Over a six-week period, my sleeping pattern began to regulate again. But I did not. Mentally the repercussions of spending the first semester of my final year being utterly miserable had left me deflated, exhausted and with serious trouble focusing. The feeling of knowing you would not be graduating with your friends, if at all, combined with another lockdown would have been incredibly difficult for anyone to come to terms with. I really struggled. Then one day the doctor asked me how my mood was. I was surprised and answered honestly: ‘pretty shit’. He recommended increasing the dose of my tablets and something in me changed.

It’s now November 2022 and I have been taking Mirtazapine for nearly two years. While I am no longer entirely reliant on these tablets to be able to function, they allow me to have a healthy sleep pattern and stabilise my mood. I still have down days but they are the exception instead of the rule. Truly, antidepressants have given me back to myself. The shell of a human that I was in late 2020 has been replaced with someone with a personality, interests, friends, a boyfriend, a job, and a place to study for a master’s degree. More importantly, I have become passionate about helping to destroy the stigma around mental health, and I am someone who is significantly more understanding about struggles of others. 

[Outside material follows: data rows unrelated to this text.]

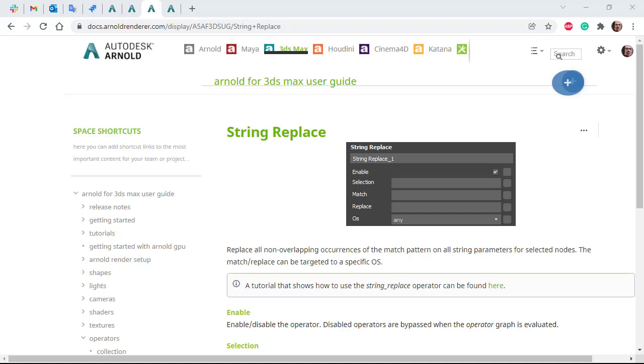Hi there, Ligrix, Arnold Rendering Specialist at Autodesk, and I want to show an example of how to use the string replace operator.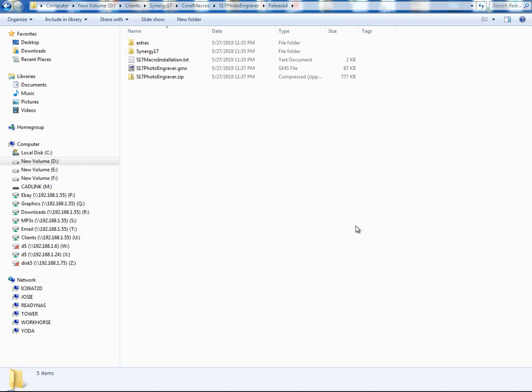Hey everybody, this is Joe over at Synergy 17 and today I'm going to show you how to install your GMS files or your macros for CorelDRAW.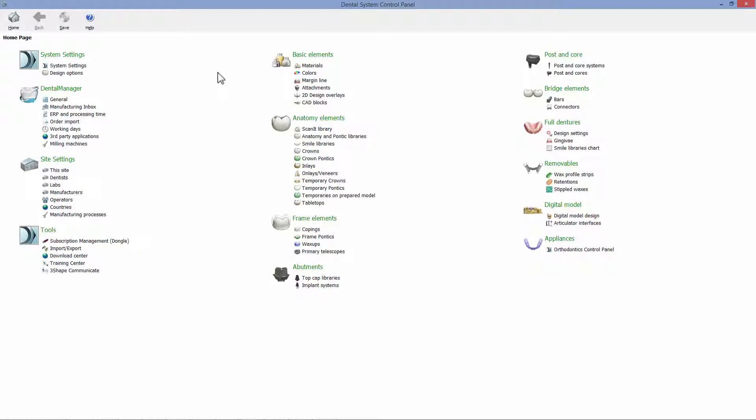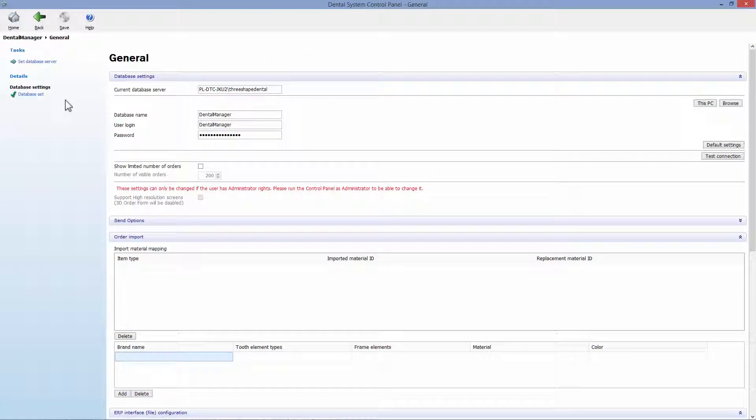We improve the performance by automatically deleting orders older than a specific date. To activate, open the general option of the dental manager in the control panel.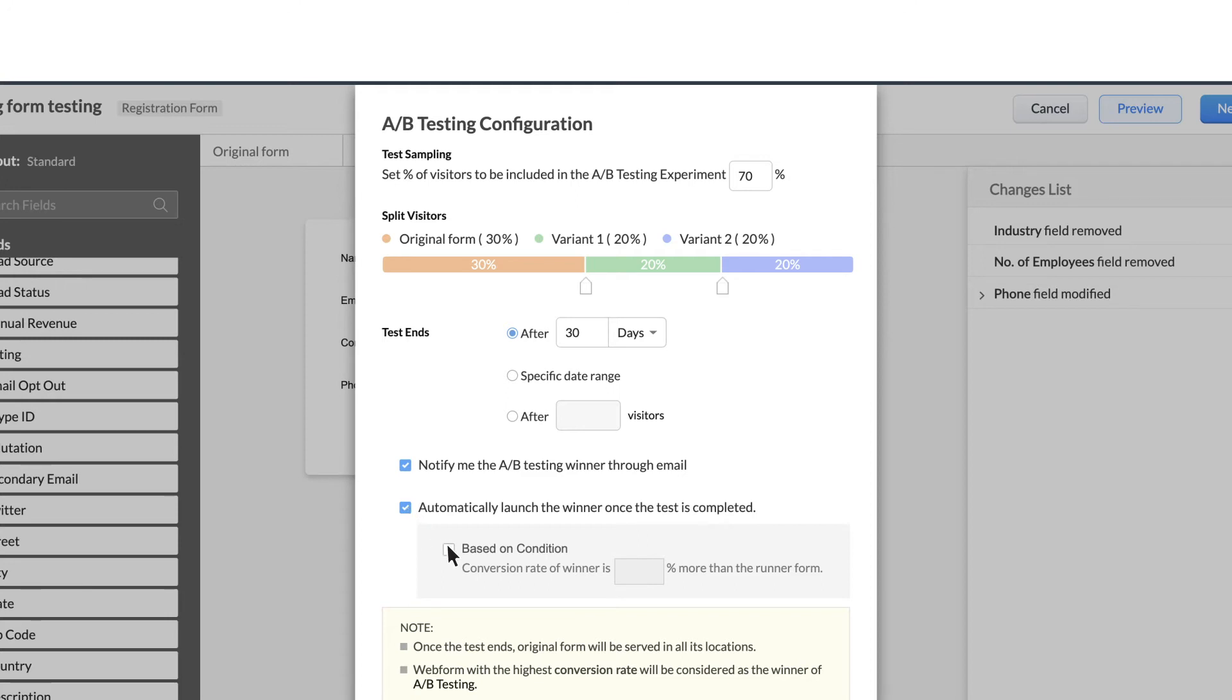Upon checking this, you can see that you can provide a condition to launch the successful form only when the conversion rate of the winner is however much percentage higher than the runner form. Let's enter 50%.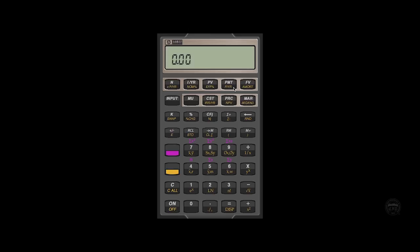So how do we set the number of compounding periods per year? If you look in the lower left hand side, you will see an orange downshift button.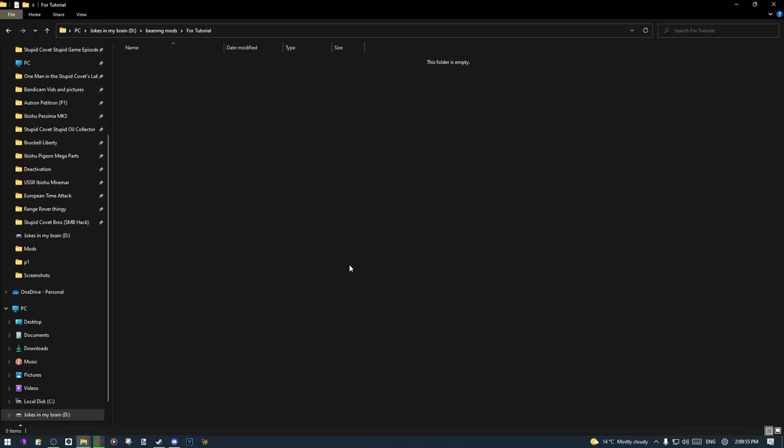Hello ladies and gentlemen, today in this video I'm going to show you how to mod BeamNG Drive in a couple of minutes. It will depend on how fast we go, but usually this takes me about a couple of minutes, maybe hours — who knows.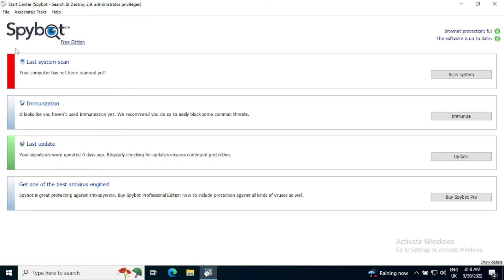So once we open that, it is a fast program. We can see at the top we've got a status saying that internet protection is full and that the software is up to date. You always want to make sure you have two ticks there.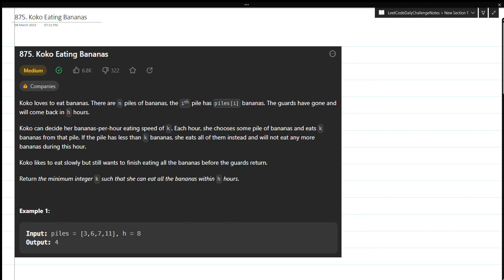Hi everyone, let's start solving today's LeetCode question 875, Koko Eating Bananas. This question is pretty much similar to the previous LeetCode challenge which is minimum time to complete trips. So let's try to understand the question first.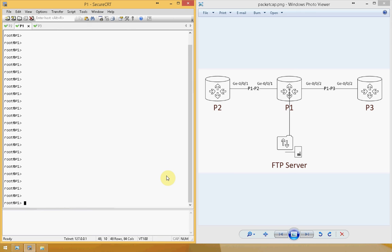Hello everyone, this is Sharif. Today we'll be talking about packet capturing in a Junos device. Packet capturing is taking a sample of the actual packets that are being sent through an interface, either in the inbound or outbound direction of the interface.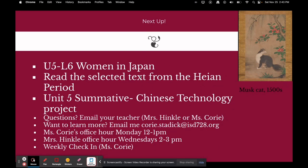The Unit 5 Summative: I've attached a video going through what you need to do for the Chinese Technology Project. If you have questions, email your teacher. If you want to learn more, email me. My office hours are Mondays from 12 to 1. And of course, if you're in my class, do the weekly check-in.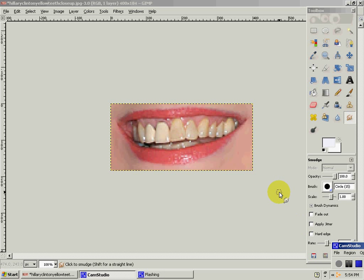This is going to be a quick tutorial on how to whiten teeth. First you go to your colors.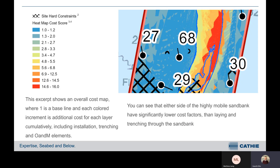Here's an example. The excerpt shows an overall cost map of an area with a sandbank. Blue represents the baseline and each coloured increment is an additional cost for each layer cumulatively, including installation, trenching, and O&M elements as discussed. You'll see either side of the sandbank, which is shown in yellow and red in the middle, that the cost factors are lower. Laying a cable and performing trenching between kilometre points 27 and 68 is a significantly different cost compared to between 68 and 30, and in this way you can reroute or at least have knowledge that that cost is going to be there.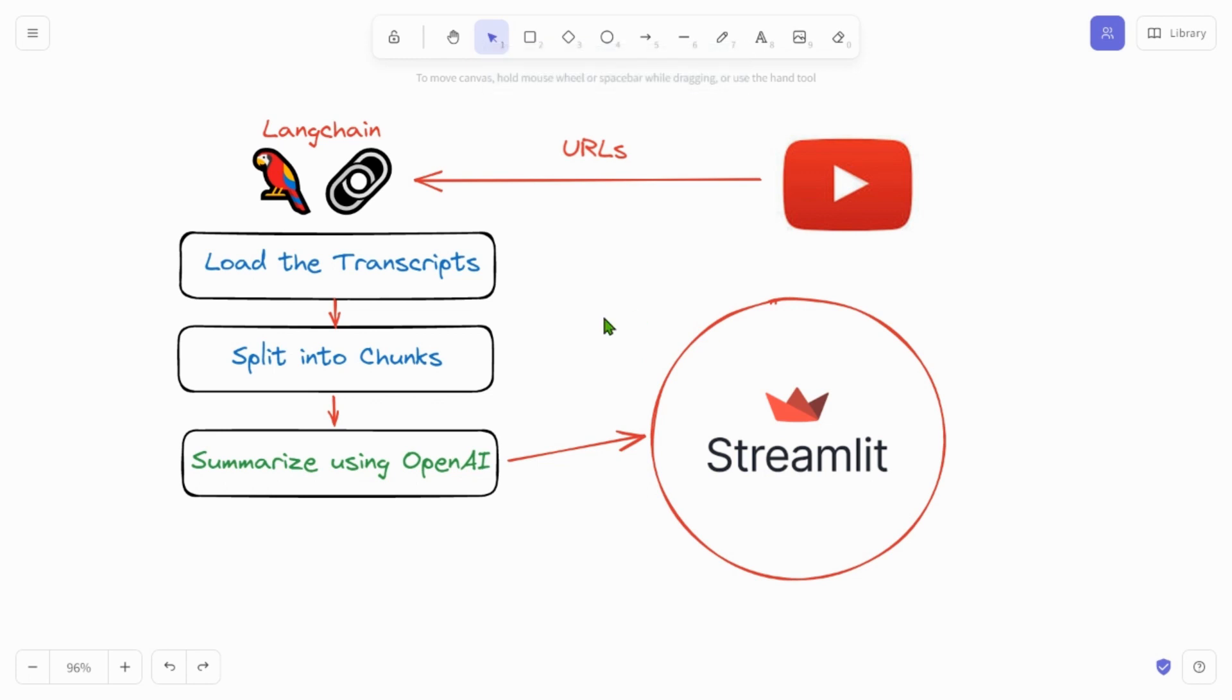Hi guys, this is Prompt Engineer and in this short video, we are going to look at how we can summarize a YouTube video.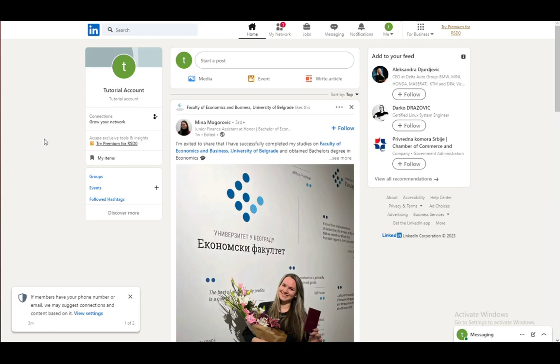You can expand your network by connecting with people and use your profile as an online resume. If you use it as an online resume, you'll be adding experiences, and I'm here to show you how to hide them or rather how to remove them.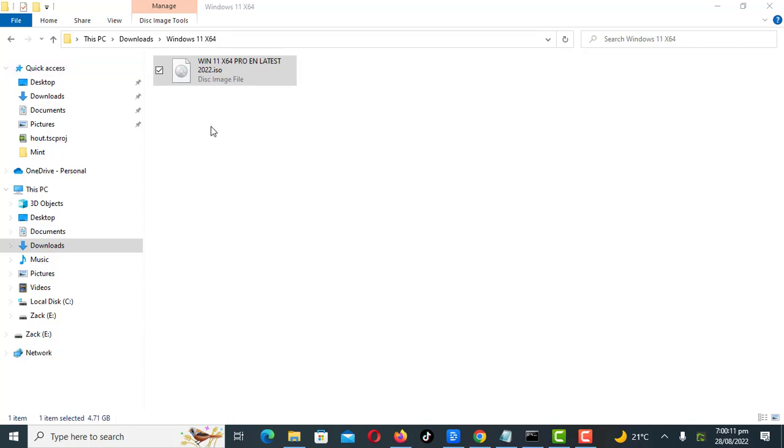In this video I will show you how you can speed up file transfer to USB flash drives or pen drives in Windows 10 or 11.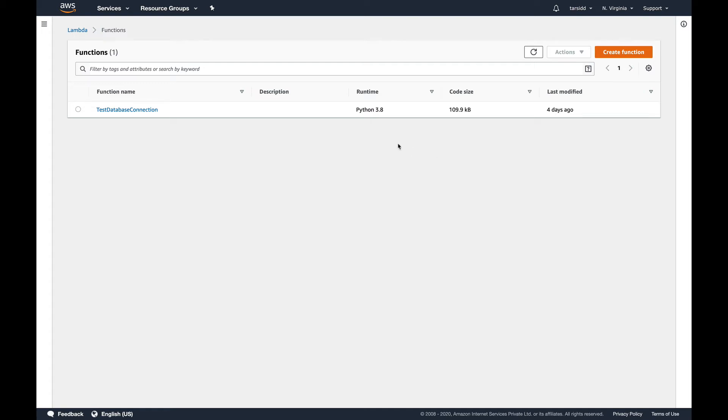Hey, welcome back to the channel. So this is the last video of the Lambda section and it will be a small one because we are going to discuss Lambda monitoring, which is implemented by AWS Lambda itself using CloudWatch.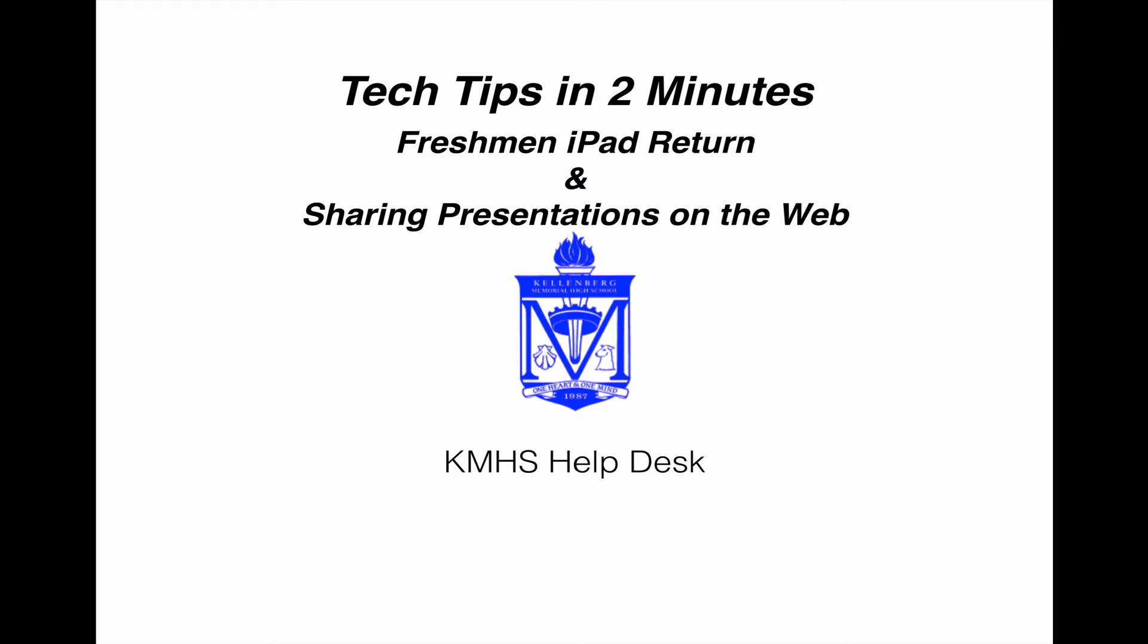Welcome to the weekly tech video. We're going to talk about freshman iPad return and sharing presentations on the web to make slide presentations a little more useful.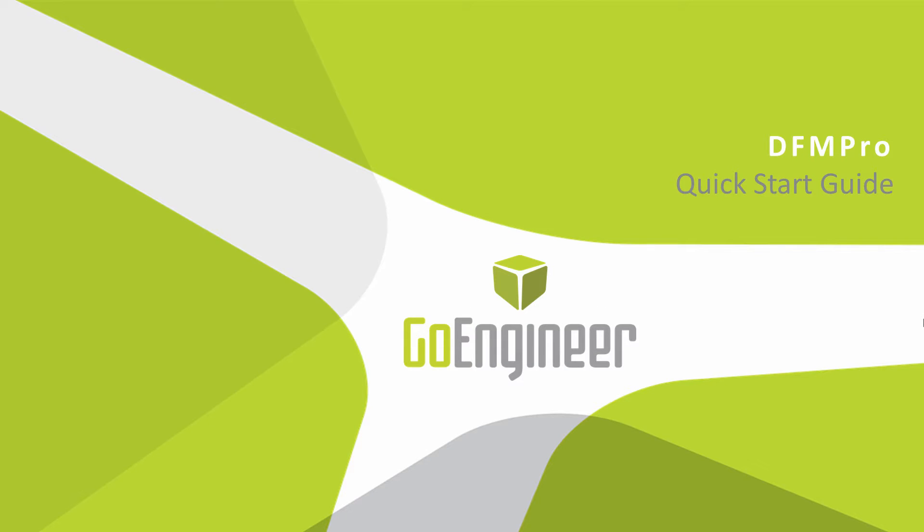Hello and welcome to the DFM Pro Quick Start Guide. My name is Tyler Reed and I'm the manufacturing specialist here at Go Engineer. Over the next few minutes I'll be covering with you what the DFM Pro product is and how to run it within SOLIDWORKS.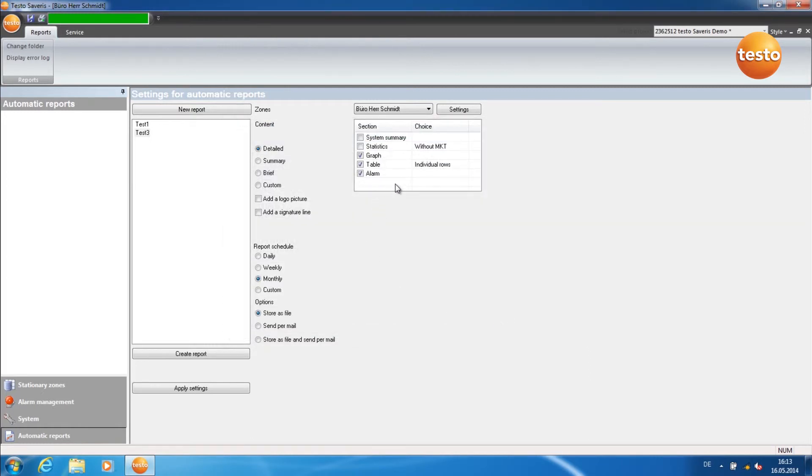In this area, you can define the content of the report and, if required, add a logo and a signature line.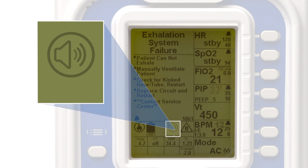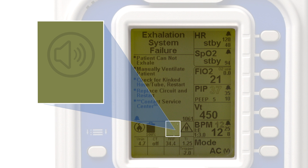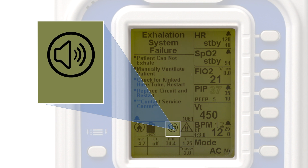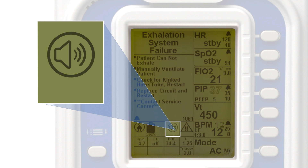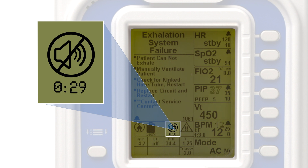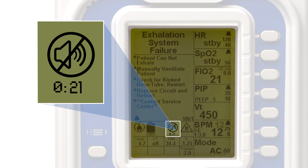During an active alarm, a speaker icon will appear in the icon tray, accompanied by an audible beeping sound. The user may mute the alarm for 30 seconds by pressing the Cancel button. When muted, the speaker icon changes to one with a strikethrough and a countdown timer appears underneath, indicating the time remaining until the alarm resumes its audible alert.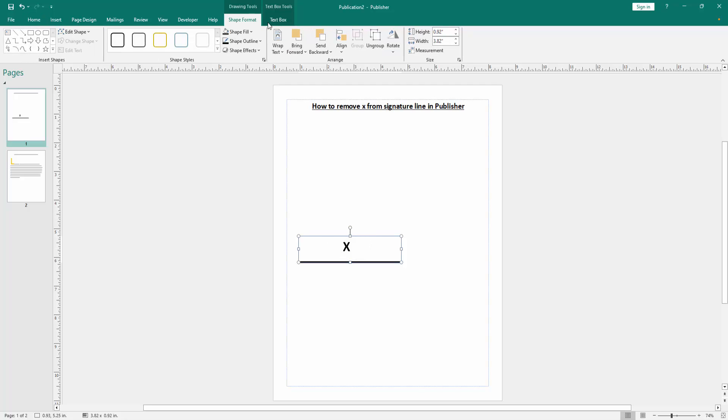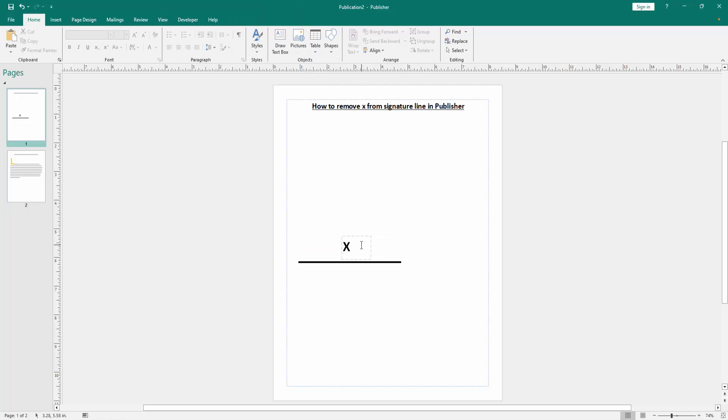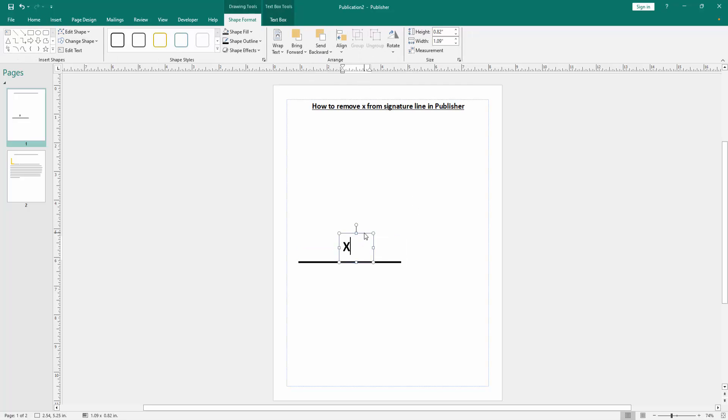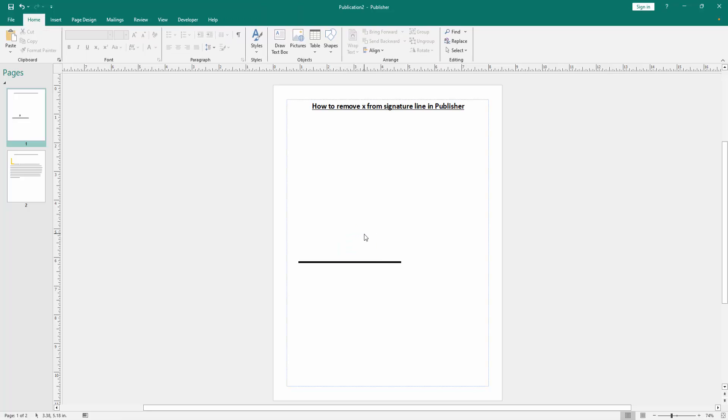Click Ungroup option, then select the X and delete it. Otherwise, you can insert another signature line without X.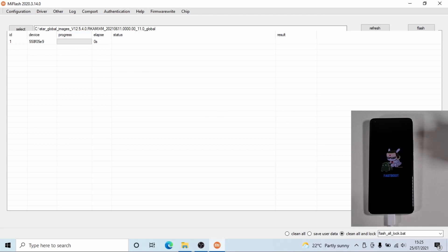Normally you would click on Clean All and then format the phone, but I'm going to click Clean All and Lock to lock the bootloader and flash the phone, and we'll see what happens. Let's start the flashing process.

Truly, I believe the world is beginning to move beyond the stigma – finally. Don’t get me wrong, when I recite medication as the reason why I don’t drink, I won’t tell my new classmates what medication I am taking. But when I walked into my first lecture of the year, the girls around me were discussing how anxious we were feeling about the year. Within my own friendship group, we talk about antidepressants like they are football teams we support: how are your tablets getting on? Oh, you support Mirtazapine? so do I!

Overall, my advice would be to not be afraid of accepting help. Talking to a friend or medical professional, going to therapy, or even taking antidepressants is never something to be ashamed of.